Records for the exercise:

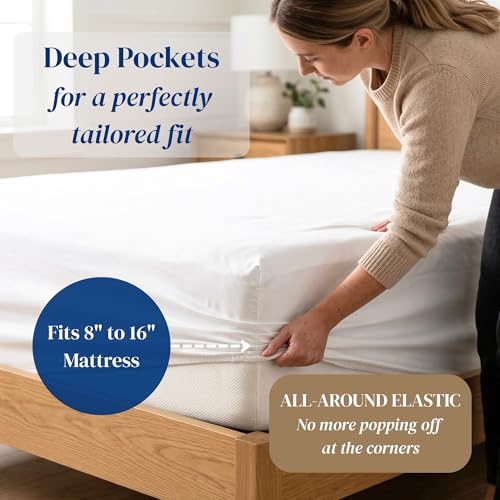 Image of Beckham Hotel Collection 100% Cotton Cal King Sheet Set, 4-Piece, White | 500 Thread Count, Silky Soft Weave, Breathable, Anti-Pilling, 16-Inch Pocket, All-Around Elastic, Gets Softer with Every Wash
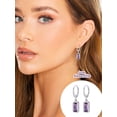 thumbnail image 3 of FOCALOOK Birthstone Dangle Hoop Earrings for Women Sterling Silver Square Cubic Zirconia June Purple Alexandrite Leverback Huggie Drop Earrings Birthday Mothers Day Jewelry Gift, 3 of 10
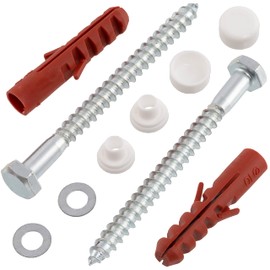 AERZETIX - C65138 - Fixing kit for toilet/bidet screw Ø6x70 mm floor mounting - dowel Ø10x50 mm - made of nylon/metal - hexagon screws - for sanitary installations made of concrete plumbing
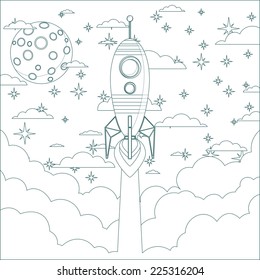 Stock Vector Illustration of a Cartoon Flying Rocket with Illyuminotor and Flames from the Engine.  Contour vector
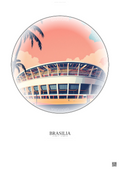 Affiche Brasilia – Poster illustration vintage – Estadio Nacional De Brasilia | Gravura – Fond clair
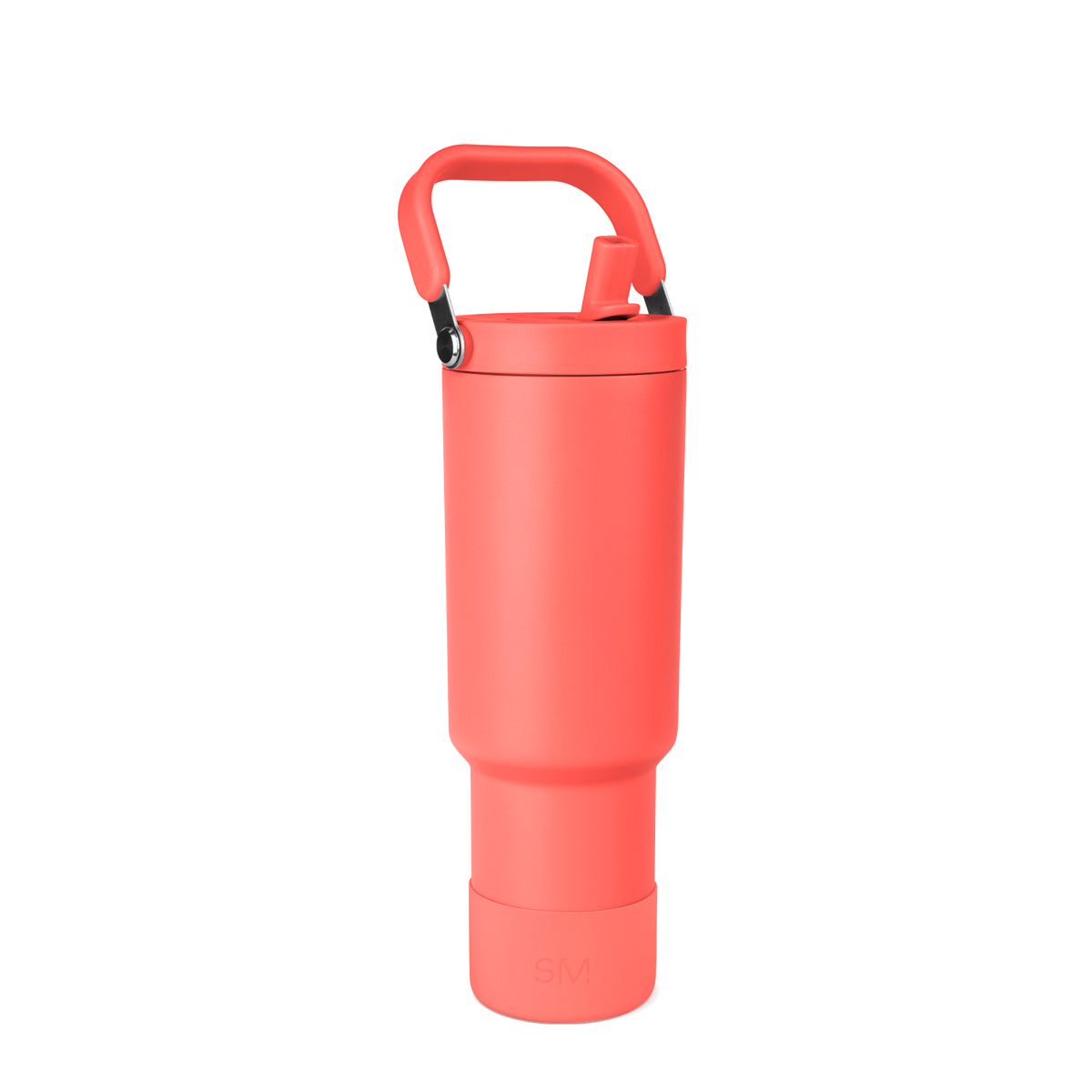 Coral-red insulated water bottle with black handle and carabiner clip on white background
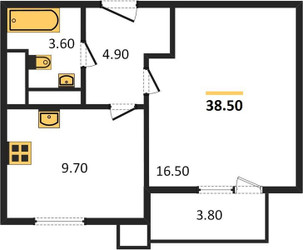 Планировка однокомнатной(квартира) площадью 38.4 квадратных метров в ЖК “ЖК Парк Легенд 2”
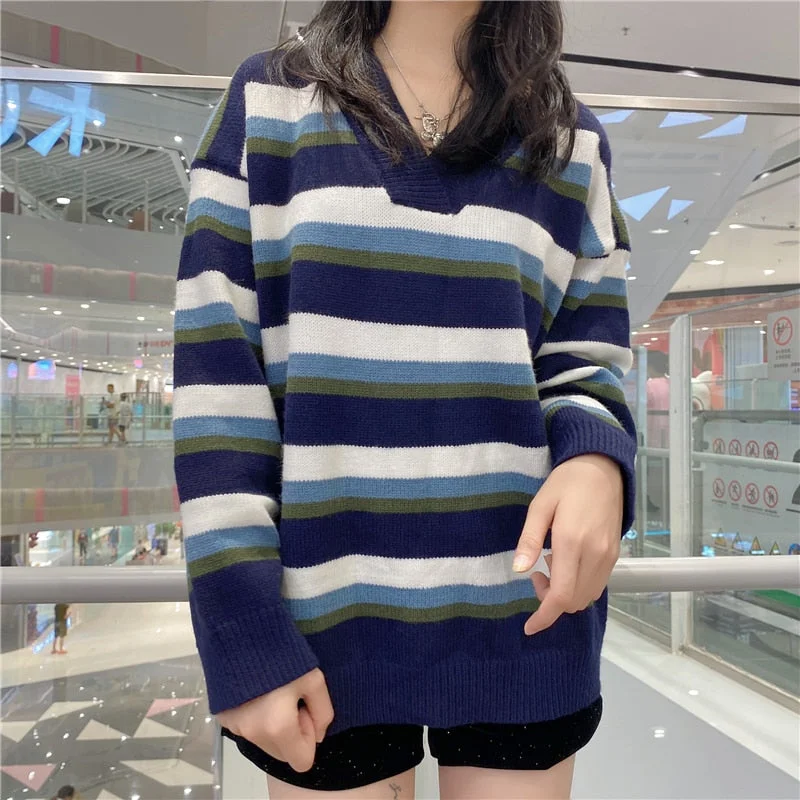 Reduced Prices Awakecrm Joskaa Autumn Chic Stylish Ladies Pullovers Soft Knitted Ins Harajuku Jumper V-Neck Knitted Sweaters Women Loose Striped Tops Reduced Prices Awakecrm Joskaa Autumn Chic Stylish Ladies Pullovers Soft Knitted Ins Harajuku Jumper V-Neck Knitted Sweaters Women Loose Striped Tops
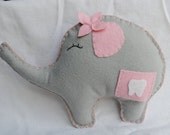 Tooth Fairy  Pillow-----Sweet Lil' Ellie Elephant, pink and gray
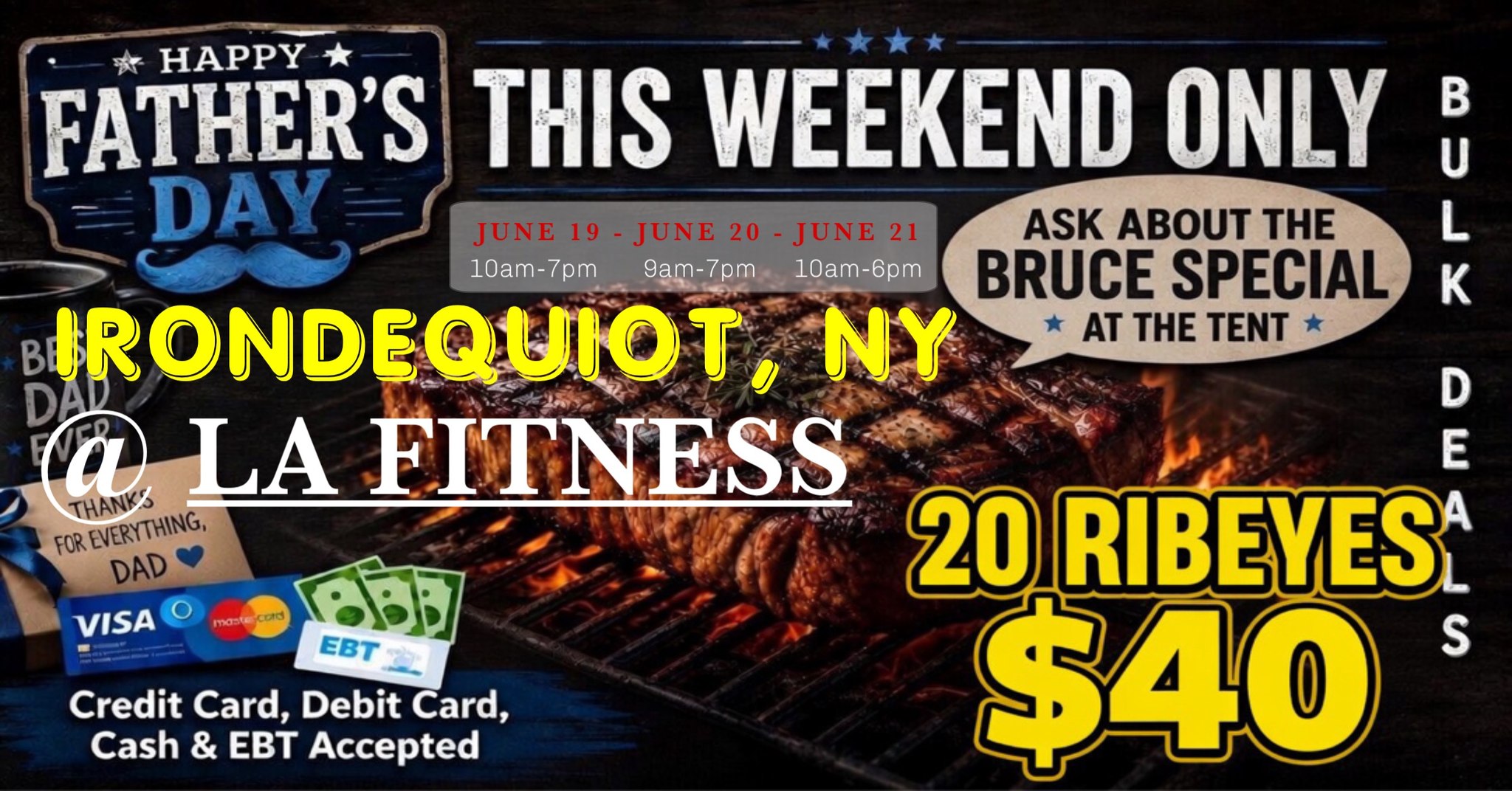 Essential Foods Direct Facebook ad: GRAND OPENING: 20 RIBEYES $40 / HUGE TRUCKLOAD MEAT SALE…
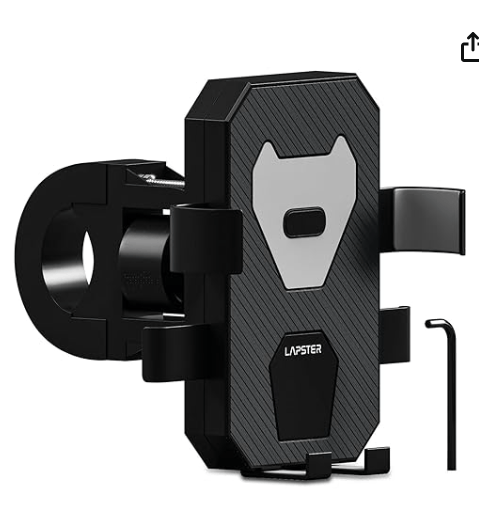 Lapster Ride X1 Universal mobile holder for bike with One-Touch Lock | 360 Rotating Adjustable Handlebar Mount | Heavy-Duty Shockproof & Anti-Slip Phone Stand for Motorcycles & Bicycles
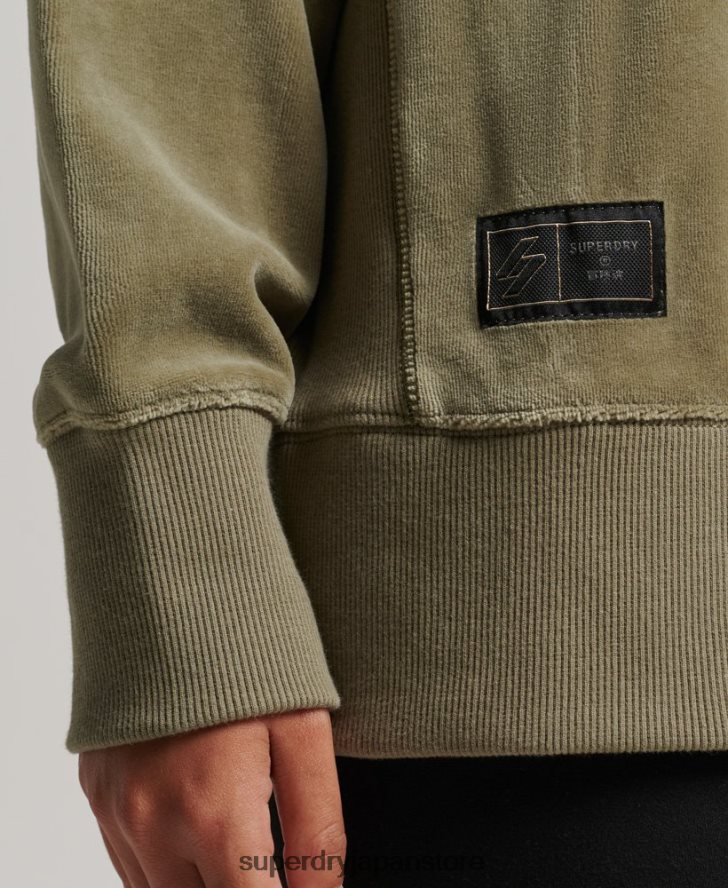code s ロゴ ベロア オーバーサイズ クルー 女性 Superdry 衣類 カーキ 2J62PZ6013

Exercise goal: Every line above should be repeated exactly; pictures stay out of the copy.

Reply to the task:
 Image of Beckham Hotel Collection 100% Cotton Cal King Sheet Set, 4-Piece, White | 500 Thread Count, Silky Soft Weave, Breathable, Anti-Pilling, 16-Inch Pocket, All-Around Elastic, Gets Softer with Every Wash
 thumbnail image 3 of FOCALOOK Birthstone Dangle Hoop Earrings for Women Sterling Silver Square Cubic Zirconia June Purple Alexandrite Leverback Huggie Drop Earrings Birthday Mothers Day Jewelry Gift, 3 of 10
 AERZETIX - C65138 - Fixing kit for toilet/bidet screw Ø6x70 mm floor mounting - dowel Ø10x50 mm - made of nylon/metal - hexagon screws - for sanitary installations made of concrete plumbing
 Stock Vector Illustration of a Cartoon Flying Rocket with Illyuminotor and Flames from the Engine.  Contour vector
 Affiche Brasilia – Poster illustration vintage – Estadio Nacional De Brasilia | Gravura – Fond clair
 Coral-red insulated water bottle with black handle and carabiner clip on white background
 Планировка однокомнатной(квартира) площадью 38.4 квадратных метров в ЖК “ЖК Парк Легенд 2”
 Reduced Prices Awakecrm Joskaa Autumn Chic Stylish Ladies Pullovers Soft Knitted Ins Harajuku Jumper V-Neck Knitted Sweaters Women Loose Striped Tops Reduced Prices Awakecrm Joskaa Autumn Chic Stylish Ladies Pullovers Soft Knitted Ins Harajuku Jumper V-Neck Knitted Sweaters Women Loose Striped Tops
 Tooth Fairy  Pillow-----Sweet Lil' Ellie Elephant, pink and gray
 Essential Foods Direct Facebook ad: GRAND OPENING: 20 RIBEYES $40 / HUGE TRUCKLOAD MEAT SALE…
 Lapster Ride X1 Universal mobile holder for bike with One-Touch Lock | 360 Rotating Adjustable Handlebar Mount | Heavy-Duty Shockproof & Anti-Slip Phone Stand for Motorcycles & Bicycles
code s ロゴ ベロア オーバーサイズ クルー 女性 Superdry 衣類 カーキ 2J62PZ6013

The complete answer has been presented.